Vous pensez devenir un jour directeur sportif ?

Contador : Non, je ne me vois pas au volant d’une voiture. Si je m’engage au sein d’une équipe, ce sera plutôt pour attirer des sponsors. Mais je ne veux pas le faire pour avoir du boulot, plutôt pour offrir davantage de possibilités au cyclisme. Je me vois plutôt dans un rôle d’ambassadeur que dans celui de directeur sportif ou de manager.

Aucun grand champion n’est devenu un grand directeur sportif.

Contador : Peut-être parce que les coureurs qui ont eu tellement de responsabilités au cours de leur carrière ne veulent plus avoir de charge ou être esclaves du cyclisme. Pour obtenir de bons résultats, il faut être esclave, super-professionnel, hypothéquer une bonne partie de sa vie. La plupart ne veulent plus faire cet effort, ils veulent un boulot plus tranquille.

En août dernier, vous avez quitté le peloton après la Vuelta. Ce fut comme un tour d’honneur à travers toute l’Espagne. Les applaudissements que vous avez reçus un peu partout vous ont-ils fait oublier les moments les plus difficiles de votre carrière ?

Contador : Je suis quelqu’un qui ne retient que le positif. Le négatif, je laisse tomber car cela m’empêche d’être heureux. Quand on ne pense qu’aux mauvaises choses… Cette dernière Vuelta fut un rêve. Un véritable hommage, du premier au dernier jour. Je n’oublierai jamais ça. Un mauvais jour à Andorre m’a empêché de lutter pour la victoire finale mais j’ai fait la course dans mon style et mes fans ont apprécié. Bien plus que si j’avais couru avec une calculatrice en tête pour tenter de prendre le maillot de leader à Chris Froome.

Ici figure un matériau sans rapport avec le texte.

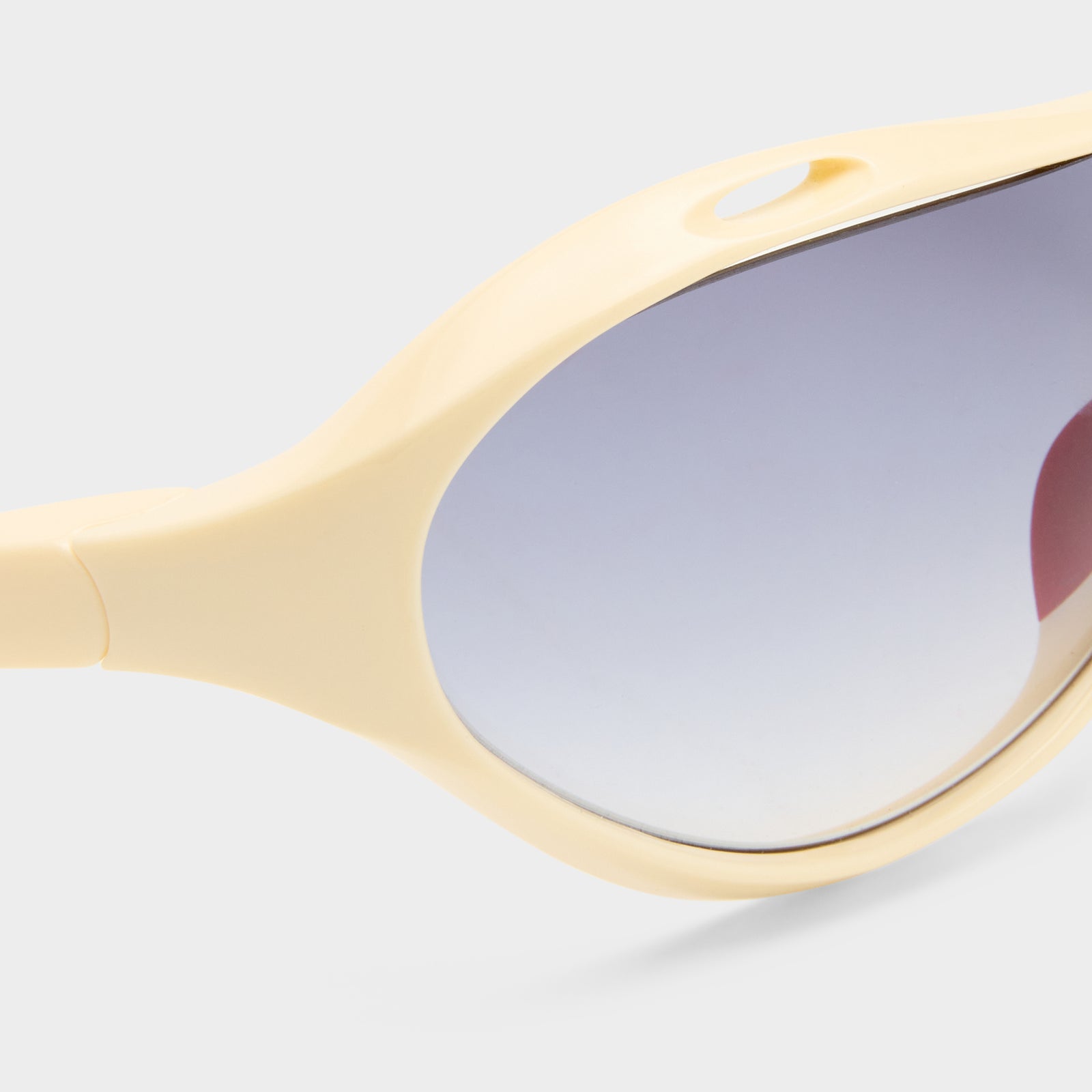 Iris Off White Uni-Sex Shield Sunglasses | Le Specs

 » Je suis fier que les gens se rappellent de mes coups d’éclat  »

Ce mauvais jour à Andorre a, en quelque sorte, reflété l’image du vrai Contador : un attaquant qui faisait tout pour gagner et ne pensait pas toujours à ce qu’il avait à perdre…

Contador : La théorie dit qu’il faut être conservateur pour ne pas perdre de temps mais la théorie, je m’en fiche. Ma tête et mes jambes me disaient d’y aller et j’y allais.

On dit que vous étiez plus apprécié pour votre style que pour votre palmarès. Vous êtes d’accord ?

Contador : Oui. Je suis fier que les gens se rappellent de mes coups d’éclat. Cela veut dire que je les ai fait vibrer devant leur téléviseur ou sur le côté de la route, quel que soit le résultat final. J’ai eu de beaux jours, des jours où j’ai perdu du temps et des jours où je suis passé très près. C’est ce cela que les gens se rappellent, je pense. Les chiffres et les statistiques, c’est pour le papier.

Mais vos statistiques sont tout de même impressionnantes. Peu de coureurs ont fait aussi bien que vous au cours des dernières années.

Contador : Mon palmarès en dit long. Tous ces grands tours, peu importe ceux qu’on compte ou pas (sept ou neuf, selon que l’on compte le Tour 2010 et le Giro 2011, où il a été disqualifié avec effet rétroactif, ndlr)... Mais quel souvenir garde-t-on de Marco Pantani ? Celui d’un vainqueur du Tour ou celui d’un coureur qui attaquait loin de l’arrivée et conquérait le coeur des supporters ? Son palmarès n’est pas le plus beau de tous mais les gens l’aimaient bien. C’est ce genre de reconnaissance que j’apprécie le plus… Et si un palmarès vient s’y greffer, tant mieux.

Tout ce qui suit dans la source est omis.